The airline’s A320 family fleet will expand by another four aircraft over the last seven months of 2014. Capacity at Samui, its second largest base, is expected to grow as Bangkok Airways closes in on approval to add flights at its island airport, which has been capacity constrained due to environmental regulations.
Bangkok Airways aims for IPO in late Jul-2014
Bangkok Airways is the fourth largest carrier in Thailand with about an 8% share of current system-wide seat capacity, including a 16% share of domestic capacity and 4% share of international capacity.
Thailand system-wide capacity share (% of seats) by carrier: 9-Jun-2014 to 15-Jun-2014
Bangkok Airways initially planned to complete an IPO in mid-2013 following a filing that sought to sell 730 million shares, including 520 million new shares and 210 million existing shares. This is equivalent to approximately a 25% stake in the parent company, which also owns three airports in Thailand and stakes in ground handling and catering providers.
But the IPO has been delayed for the past year due primarily to questions raised by Thailand’s Securities and Exchange Commission over the company’s method of accounting property. Bangkok Airways president and owner, Capt Puttipong Prasarttong-Osoth, told CAPA on the sidelines of the 2-Jun-2014 IATA annual general meeting in Doha that these issues have now been resolved and the carrier is submitting a new filing with the aim of holding an IPO in late Jul-2014. Once again Capt Puttipong’s family, which owns 100% of the company, is seeking to sell about a 25% share.
Capt Puttipong says the amended filing of the company’s financial statements show a net loss for the last two years due to the accounting of its property portfolio, which includes the Samui Airport.
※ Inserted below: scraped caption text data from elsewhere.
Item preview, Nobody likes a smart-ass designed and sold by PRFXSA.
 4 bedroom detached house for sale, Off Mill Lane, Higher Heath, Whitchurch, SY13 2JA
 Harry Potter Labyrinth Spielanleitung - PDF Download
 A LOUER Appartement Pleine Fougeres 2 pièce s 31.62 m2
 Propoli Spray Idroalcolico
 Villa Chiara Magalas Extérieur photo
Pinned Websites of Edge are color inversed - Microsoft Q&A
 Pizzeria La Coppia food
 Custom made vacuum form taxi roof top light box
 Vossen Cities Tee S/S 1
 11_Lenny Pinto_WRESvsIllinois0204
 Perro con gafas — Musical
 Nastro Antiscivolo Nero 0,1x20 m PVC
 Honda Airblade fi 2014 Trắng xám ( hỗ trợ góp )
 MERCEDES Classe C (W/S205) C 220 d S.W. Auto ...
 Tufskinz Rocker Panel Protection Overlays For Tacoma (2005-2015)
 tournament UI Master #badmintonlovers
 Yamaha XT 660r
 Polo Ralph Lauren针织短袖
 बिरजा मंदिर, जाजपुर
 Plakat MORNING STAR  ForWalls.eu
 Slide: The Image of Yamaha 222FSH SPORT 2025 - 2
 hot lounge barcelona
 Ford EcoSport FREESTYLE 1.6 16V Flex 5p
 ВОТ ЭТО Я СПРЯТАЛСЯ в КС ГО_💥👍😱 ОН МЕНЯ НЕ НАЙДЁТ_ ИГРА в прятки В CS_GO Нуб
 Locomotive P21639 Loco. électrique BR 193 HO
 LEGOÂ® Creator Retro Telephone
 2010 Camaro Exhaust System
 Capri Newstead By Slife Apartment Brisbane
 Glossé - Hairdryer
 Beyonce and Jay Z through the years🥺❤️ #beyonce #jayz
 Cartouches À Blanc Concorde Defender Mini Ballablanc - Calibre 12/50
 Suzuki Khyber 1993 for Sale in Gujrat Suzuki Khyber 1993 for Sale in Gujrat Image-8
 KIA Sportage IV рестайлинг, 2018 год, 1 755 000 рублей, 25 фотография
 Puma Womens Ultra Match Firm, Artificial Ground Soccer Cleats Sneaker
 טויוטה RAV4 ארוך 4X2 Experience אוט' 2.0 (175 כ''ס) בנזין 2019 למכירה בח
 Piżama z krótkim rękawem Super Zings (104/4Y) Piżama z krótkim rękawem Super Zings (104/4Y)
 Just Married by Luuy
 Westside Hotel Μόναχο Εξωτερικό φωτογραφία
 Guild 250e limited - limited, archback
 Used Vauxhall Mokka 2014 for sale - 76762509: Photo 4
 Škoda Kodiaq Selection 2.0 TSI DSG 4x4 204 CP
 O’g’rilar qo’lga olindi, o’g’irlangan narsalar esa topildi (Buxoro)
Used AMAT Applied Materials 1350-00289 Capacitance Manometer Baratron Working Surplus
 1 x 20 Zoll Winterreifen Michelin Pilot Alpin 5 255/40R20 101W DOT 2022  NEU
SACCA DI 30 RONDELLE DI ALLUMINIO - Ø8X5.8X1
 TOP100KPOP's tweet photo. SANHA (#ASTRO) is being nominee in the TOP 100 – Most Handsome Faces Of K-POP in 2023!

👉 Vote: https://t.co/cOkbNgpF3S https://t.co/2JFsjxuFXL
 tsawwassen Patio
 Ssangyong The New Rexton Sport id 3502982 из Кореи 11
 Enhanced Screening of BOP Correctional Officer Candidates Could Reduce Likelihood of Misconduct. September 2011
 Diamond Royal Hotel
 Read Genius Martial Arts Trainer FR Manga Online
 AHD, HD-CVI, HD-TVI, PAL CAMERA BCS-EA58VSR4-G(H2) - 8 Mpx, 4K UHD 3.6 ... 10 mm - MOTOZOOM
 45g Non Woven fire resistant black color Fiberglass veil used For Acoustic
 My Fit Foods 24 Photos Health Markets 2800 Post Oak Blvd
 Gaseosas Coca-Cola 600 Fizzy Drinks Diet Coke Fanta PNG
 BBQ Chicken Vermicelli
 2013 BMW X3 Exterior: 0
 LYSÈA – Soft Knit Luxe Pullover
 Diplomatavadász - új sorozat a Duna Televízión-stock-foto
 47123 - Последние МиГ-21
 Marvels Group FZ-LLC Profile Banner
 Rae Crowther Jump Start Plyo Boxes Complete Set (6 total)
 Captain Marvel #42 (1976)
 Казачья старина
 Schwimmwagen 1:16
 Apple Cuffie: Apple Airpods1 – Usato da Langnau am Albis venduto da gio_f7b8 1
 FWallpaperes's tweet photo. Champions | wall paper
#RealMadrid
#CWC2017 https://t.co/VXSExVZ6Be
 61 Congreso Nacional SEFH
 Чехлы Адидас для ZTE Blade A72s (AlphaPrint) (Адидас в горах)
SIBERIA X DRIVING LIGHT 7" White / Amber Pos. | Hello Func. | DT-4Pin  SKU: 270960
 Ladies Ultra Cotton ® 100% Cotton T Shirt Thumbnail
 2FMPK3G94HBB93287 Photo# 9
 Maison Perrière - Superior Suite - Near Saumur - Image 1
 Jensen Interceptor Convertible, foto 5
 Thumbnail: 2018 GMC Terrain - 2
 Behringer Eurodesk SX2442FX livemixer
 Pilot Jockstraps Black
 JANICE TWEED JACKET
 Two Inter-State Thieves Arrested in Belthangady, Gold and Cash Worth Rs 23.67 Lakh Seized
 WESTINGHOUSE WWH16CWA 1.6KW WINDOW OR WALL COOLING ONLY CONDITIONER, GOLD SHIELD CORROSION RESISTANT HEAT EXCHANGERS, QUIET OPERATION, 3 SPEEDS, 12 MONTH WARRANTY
But he adds that on an operating level the revised statements still show a profit in 2012 and 2013 and that the net loss should not be a deterrent to potential investors as it is entirely tied to the property issue, something which is explained in the new filing.
Bangkok Airways seeks IPO at unlikely time
Capt Puttipong is also confident the IPO can be successful despite the recent political instability in Thailand. The 22-May-2014 coup has impacted passenger traffic for all Thai carriers, further weakening a market that has already struggled since late 2013 due to continuing civil unrest. But the political change that resulted from the coup could lead to a period of stability, giving all Thai carriers hope that the market will recover in 2H2014. Stock prices in Thailand have not tumbled as a result of the coup, an indication there is sufficient investor confidence in the country to consider new listings.
But the response to a new airline stock given the current conditions in the industry may not be so warm. Even with the political environment improving, Thailand has become an intensely competitive aviation market. Four new entrants (two of which have already launched, with the other two planning to launch in 2H2014) and rapid capacity expansion by most of the existing players threaten to put further downward pressure on yields and load factors.
Bangkok Airways however has a unique position because for the most part it is able to keep out of the crossfire of the intense competition. Almost all the capacity being added to the Thai market comes from low-cost carriers which are based at Bangkok Don Mueang Airport. Bangkok Airways competes for some LCC-type traffic as it is entirely a short-haul operator but its bread and butter is higher yielding passengers connecting from foreign full-service carriers at Bangkok Suvarnabhumi Airport.
Partnerships deliver a critical competitive advantage for Bangkok Airways
Bangkok Airways passenger traffic has grown significantly in recent years – and continues to grow in 2014 despite the challenges – as it benefits from the growth of foreign carriers in Bangkok. Several foreign carriers have temporarily reduced capacity to Bangkok but the market is expected to rebound, as it has previously after periods of political unrests or natural disasters.
The recent drop in visitor numbers to Thailand has been driven predominately by a sharp drop in tourist arrivals from other Asian countries. For example in 1Q2014, visitor numbers to Thailand from Asia were down 13% compared to 1Q2013, while visitor numbers from other regions were still up year over year albeit modestly. While Bangkok Airways only operates regionally within Asia it relies heavily on point of sales outside Asia. Nine of its current 13 codeshare partners are airlines outside Asia.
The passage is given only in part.